Reputation: 43
I want to make BERT model by training with more data (not a fine-tuning, the base model which will be trained is 'bert-base-uncased'). However, do i always need to create own tokenizer for one model? when i use 'bert-base-uncased' tokenizer to train model, it give me some error.

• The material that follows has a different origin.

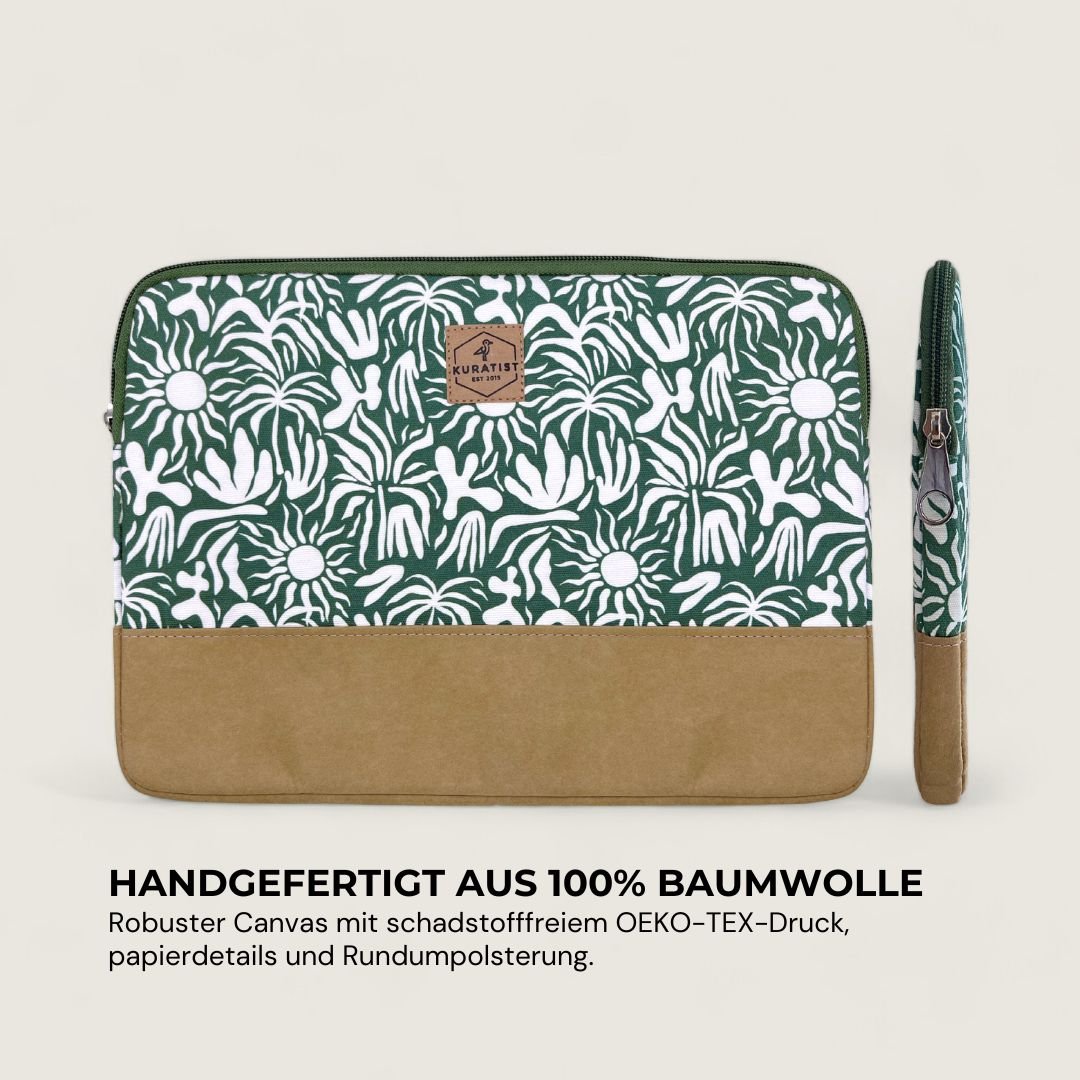 HUUS Laptophülle mit Print - Laptoptaschen - Botanic Escape Paper - Kuratist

Traceback (most recent call last):
File "log.py", line 10, in <module>
print(model(**input_idx))
File "/usr/local/lib/python3.8/dist-packages/torch/nn/modules/module.py", line 1102, in _call_impl
return forward_call(*input, **kwargs)
File "/usr/local/lib/python3.8/dist-packages/transformers/models/bert/modeling_bert.py", line 989, in forward
embedding_output = self.embeddings(
File "/usr/local/lib/python3.8/dist-packages/torch/nn/modules/module.py", line 1102, in _call_impl
return forward_call(*input, **kwargs)
File "/usr/local/lib/python3.8/dist-packages/transformers/models/bert/modeling_bert.py", line 214, in forward
inputs_embeds = self.word_embeddings(input_ids)
File "/usr/local/lib/python3.8/dist-packages/torch/nn/modules/module.py", line 1102, in _call_impl
return forward_call(*input, **kwargs)
File "/usr/local/lib/python3.8/dist-packages/torch/nn/modules/sparse.py", line 158, in forward
return F.embedding(
File "/usr/local/lib/python3.8/dist-packages/torch/nn/functional.py", line 2044, in embedding
return torch.embedding(weight, input, padding_idx, scale_grad_by_freq, sparse)
IndexError: index out of range in self
so does the model should have it's own tokenizer which trained with same data?
Upvotes: 1
Views: 1236
Reputation: 647
I recommend you to actually resize the embeedding matrix to match the size of the tokenizer you want to use:
model.resize_token_embeddings(len(tokenizer))
Huggingface docs: https://huggingface.co/docs/transformers/master/en/main_classes/model#transformers.PreTrainedModel.resize_token_embeddings
Upvotes: 1